Ingredients
– 1 ½ cups all-purpose flour
– 1 cup granulated sugar
– ½ cup unsweetened applesauce
– 1 cup almond milk (or any plant-based milk)
– 1/3 cup vegetable oil
– 1 tablespoon baking powder
– ½ teaspoon baking soda
– ¼ teaspoon salt
– 2 teaspoons rosewater
– ½ cup finely chopped pistachios (plus extra for topping)
– Vegan frosting (store-bought or homemade)
Instructions
Creating these delightful Vegan Mini Rose Pistachio Cupcakes is simple. Just follow these steps:
1. Preheat the Oven: Set your oven to 350°F (175°C) and line a mini cupcake pan with paper liners.
2. Mix Dry Ingredients: In a large bowl, whisk together the flour, sugar, baking powder, baking soda, and salt until well combined.
3. Combine Wet Ingredients: In another bowl, mix the applesauce, almond milk, vegetable oil, and rosewater until smooth.
4. Combine Mixtures: Pour the wet ingredients into the dry ingredients and stir until just combined. Be careful not to overmix.
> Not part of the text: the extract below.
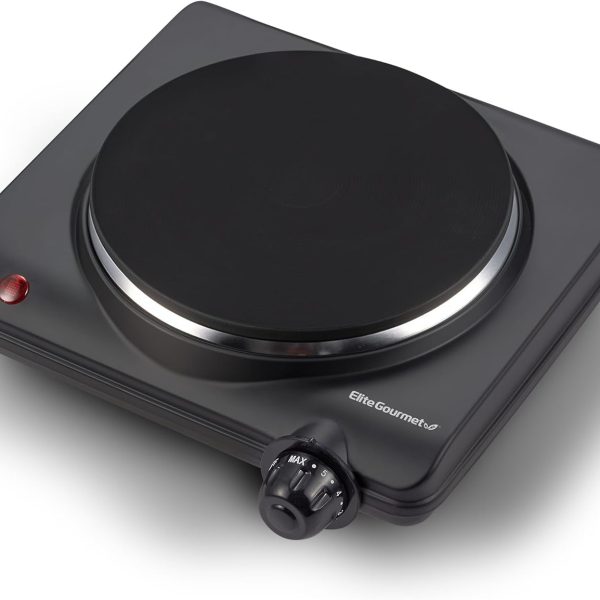 Elite Gourmet ESB-301BF# Countertop Single Cast Iron Burner, 1000 Watts Electric Hot Plate, Temperature Controls, Power Indicator Lights, Easy to Clean, Black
5. Add Pistachios: Gently fold in the finely chopped pistachios, ensuring they are evenly distributed.
6. Fill the Cupcake Liners: Spoon the batter into the prepared mini cupcake liners, filling each about two-thirds full.
7. Bake: Place the cupcake pan in the preheated oven and bake for 15-20 minutes, or until a toothpick inserted in the center comes out clean.
8. Cool: Once baked, remove the cupcakes from the oven and let them cool in the pan for about 10 minutes. Then, transfer them to a wire rack to cool completely.
9. Frost the Cupcakes: Once cooled, frost the cupcakes with your choice of vegan frosting.
10. Garnish: Top each cupcake with a sprinkle of chopped pistachios for an extra touch of elegance.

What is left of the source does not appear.